There was a long pause on the other side of the lights. “I remember,” Sheila said. “You’re the loser. You’re the one whose boyfriend dumped her for her best friend.”
Janice rubbed her hands together. This was bad. A male voice from the other side of the lights told her to sit still. You weren’t supposed to move around a lot during interviews. It made it hard for the audience to hear what you were saying if they were concentrating instead on your jumping all over the place.
“It wasn’t like that,” she said. “They’re very good for each other. And I don’t begrudge her, you know. She had a hard life. She came from a very bad family. Well, it wasn’t a family, really. It was just her mother. But her mother drank. Drinks, I guess.”

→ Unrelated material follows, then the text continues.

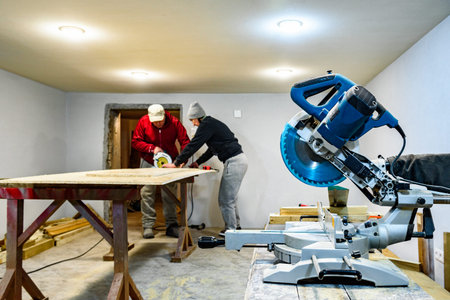 Carpenter using circular saw for cutting wooden OSB board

“So you didn’t mind it? Your boyfriend dumps you for your best friend, and you don’t mind it?”
“I didn’t like it. But I didn’t think about it. And then I got this, and everybody in the whole place just thought I was wonderful for it. And you know, there was a sort of justice in it. She tried out, too. She didn’t get asked to the audition.”
There was more silence from the other side of the lights. Janice really couldn’t keep her body still. She’d never been able to keep herself still. She talked all the time, and she was always moving. They made fun of her about that at school, and that was one of the things her boyfriend hadn’t liked.
The papers rustled again. Sheila said. “Do you think it’s a good idea, you telling that story to everybody you meet? You have told that story to everybody here. You’ve told it to me before. You’ve told it to the other girls. You mentioned it in the first interview you did, back at the Ballroom, before you were chosen to come to
the house. Don’t you think telling that story over and over again makes you look pathetic?”
“I don’t know,” Janice said.
“It makes you look pathetic,” Sheila said. “It is pathetic. If I had a story like that in my background, nobody would ever hear it from me. Perception is everything. People will think what you want them to think. You want them to think you’re a loser.”
You want them to think you’re a bitch, Janice thought, but she wasn’t that crazy. She didn’t say it. What she said instead was, “Yes, I can see that. I can see how that would be.”
“Who do you think took those shots at me?”
That was better. Janice could breathe again.
“Oh,” she said, “I don’t really know. I don’t think anybody knows.”
“But they suspect,” Sheila said.
“They make guesses,” Janice said, “but I think it’s all just talk. I mean, everybody wants to believe they know what’s going on, so they pretend they do. But it’s just talk.”
“And who are they talking about?”
“I wouldn’t like to say.”
“You wouldn’t like to, or you’re afraid I’d bitch you out for being a rat?”